Heute haben wir genau das richtige Futter für Casual-Fans: Par Out Golf ist gratis zu haben.

Das sonst 1,59 Euro teure Spiel fordert Geschicklichkeit, Konzentration und Gedächtnis, damit sollte es etwas für alle Altersklassen sein. Außerdem: Par Out Golf wird als Universal-App angeboten und lässt sich damit auf iPhone und iPad spielen.

Das Spielprinzip von Par Out Golf (App Store-Link) ist eigentlich denkbar einfach. Vom Abschlag muss eine Linie zum Loch gezogen werden, bis der Ball versenkt ist. Bäume, Felsen und Bunker sollte man dabei möglichst nicht kreuzen, denn dann erreicht man das Grün garantiert nicht.
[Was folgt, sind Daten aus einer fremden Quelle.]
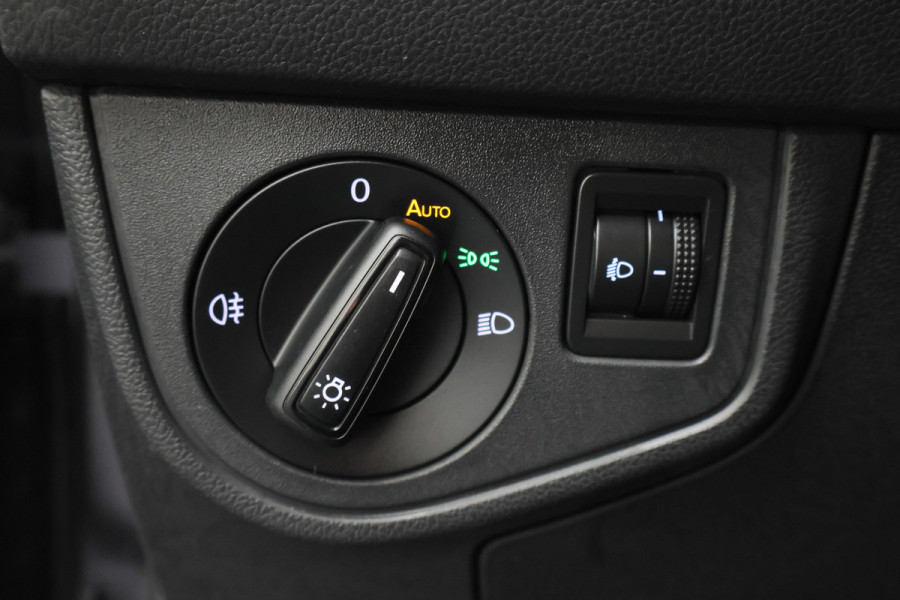 Volkswagen Polo 1.0 TSI Life Virtual Cockpit, ACC, Apple Carplay, Rijstrooksensor, LED, DAB, PDC, 15''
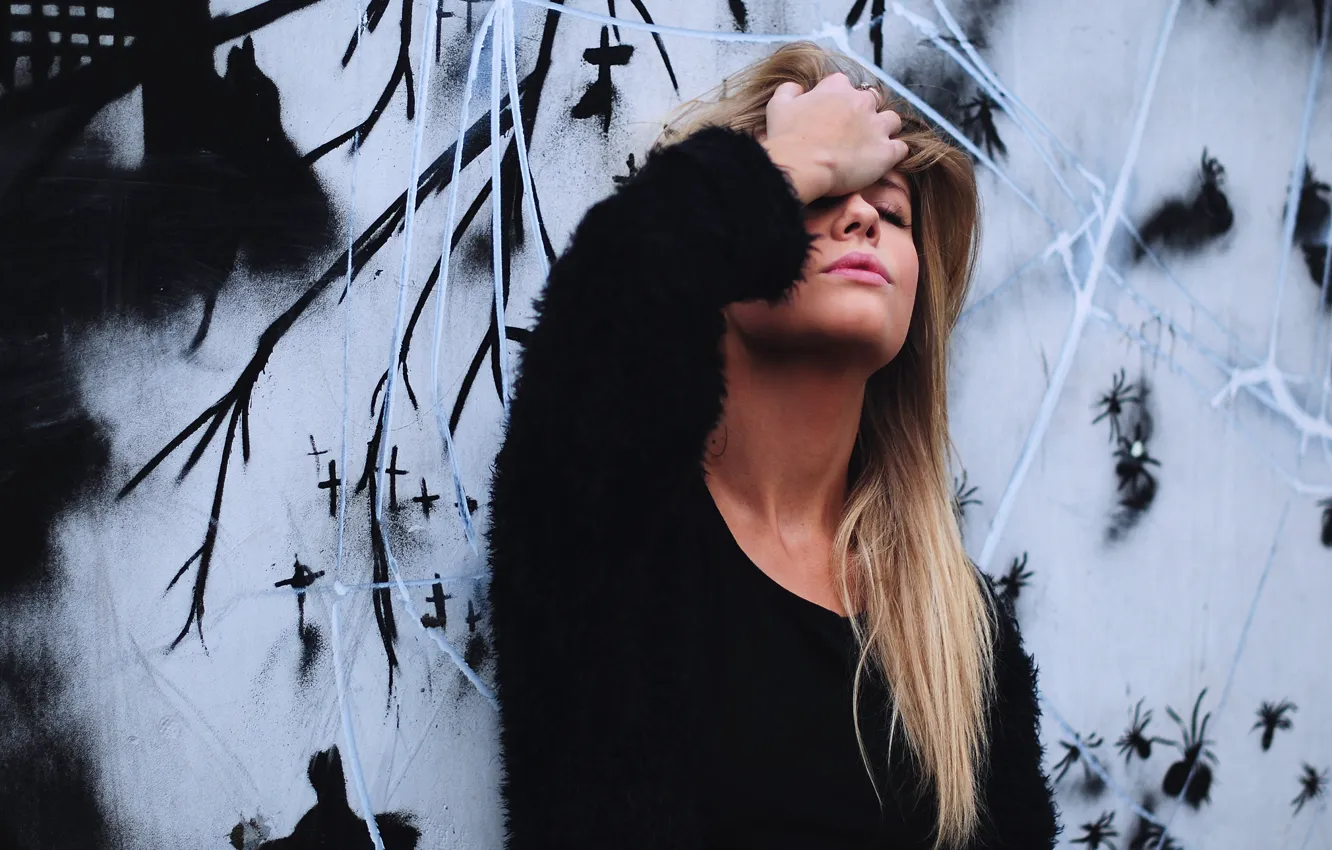 Photo wallpaper girl, graffiti, in black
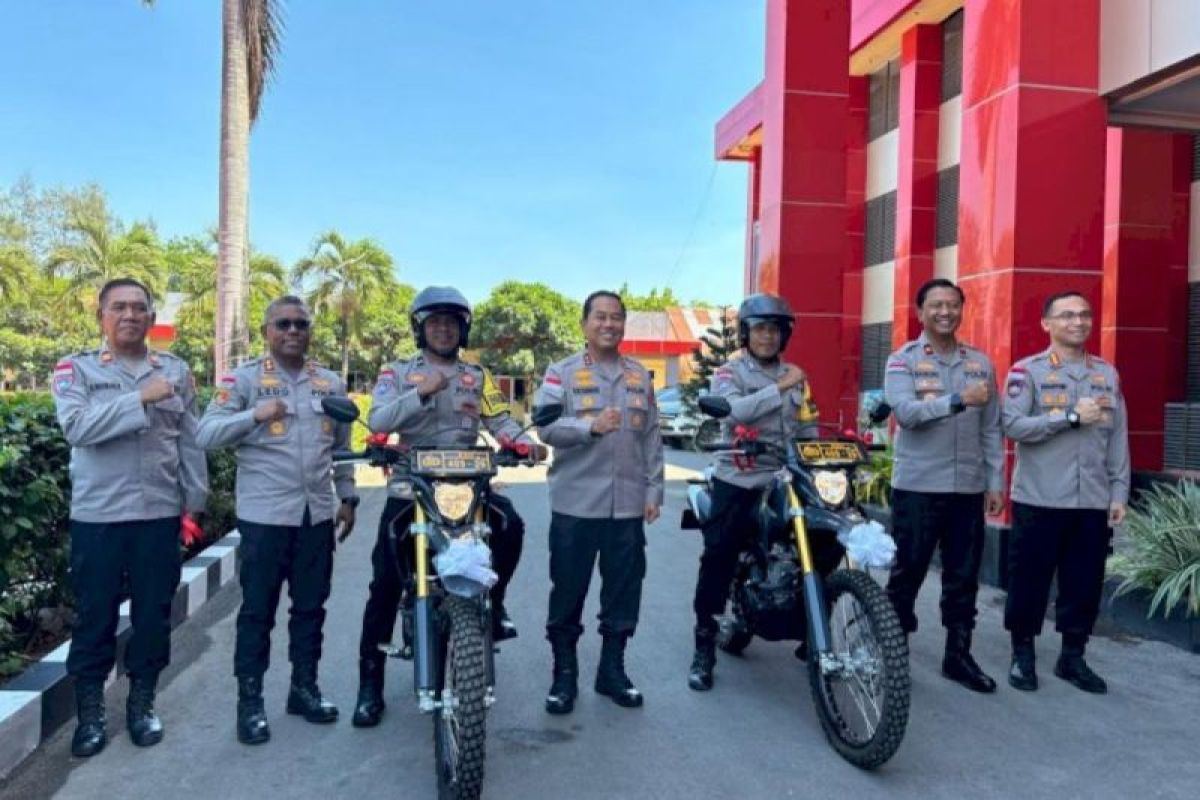 Kapolda NTT berikan hadiah kepada Bhabinkamtibmas berprestasi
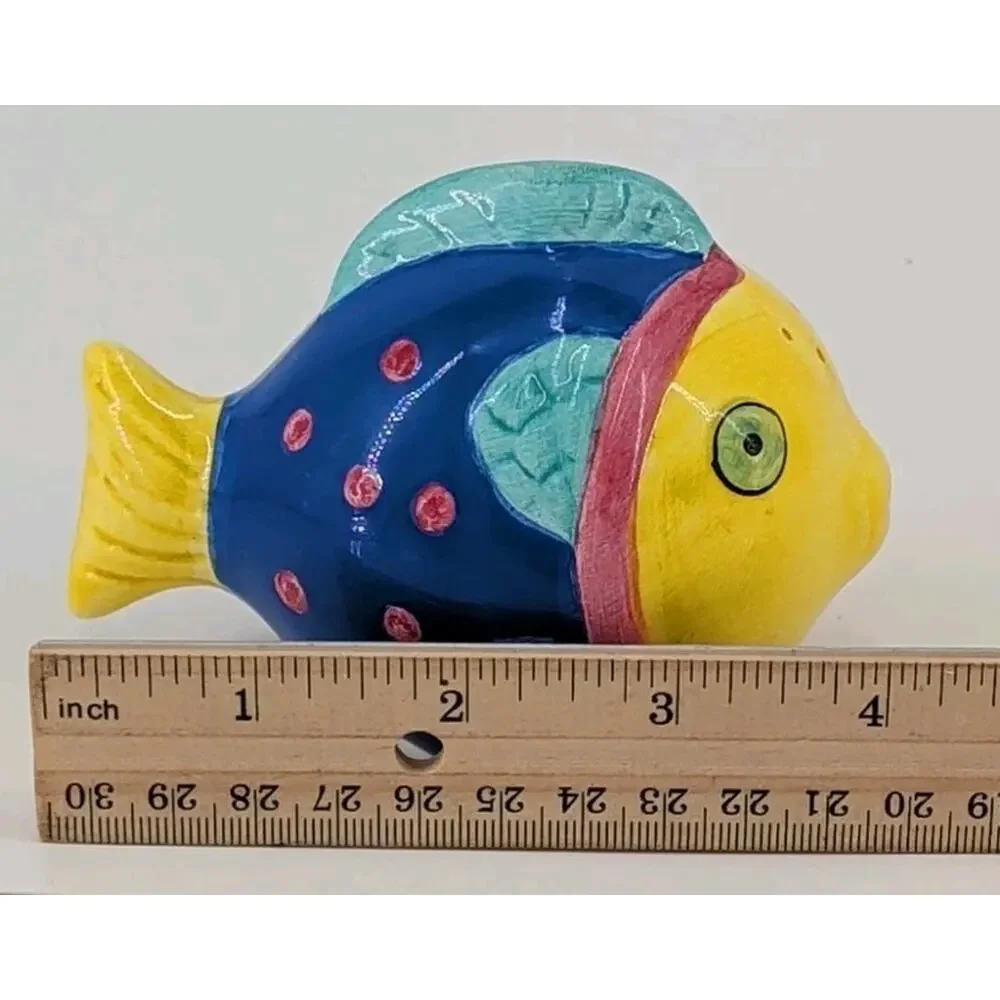 Salt & Pepper Shakers Set Figural Tropical Fish Colorful Ceramic Philippines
Ganz so leicht haben es die Entwickler dem Spieler natürlich nicht gemacht. Bevor man die Linie zum Ziel zieht, verdeckt eine dichte Wolkendecke die Sicht auf den Golfkurs. Man sollte sich die Umgebung vorher also genau einprägen, um auch blind die richtige Linie zeichnen zu können.

Auf den zwei 18-Loch-Kursen, die auch in einem Mulitplayer-Modus gespielt werden können, sorgt auftretender Wind für eine zusätzliche Schwierigkeit. Wir finden: Diesen kostenlosen Download sollte man sich nicht entgehen lassen, wenn man auf einfache, aber doch herausfordernde Spiele steht.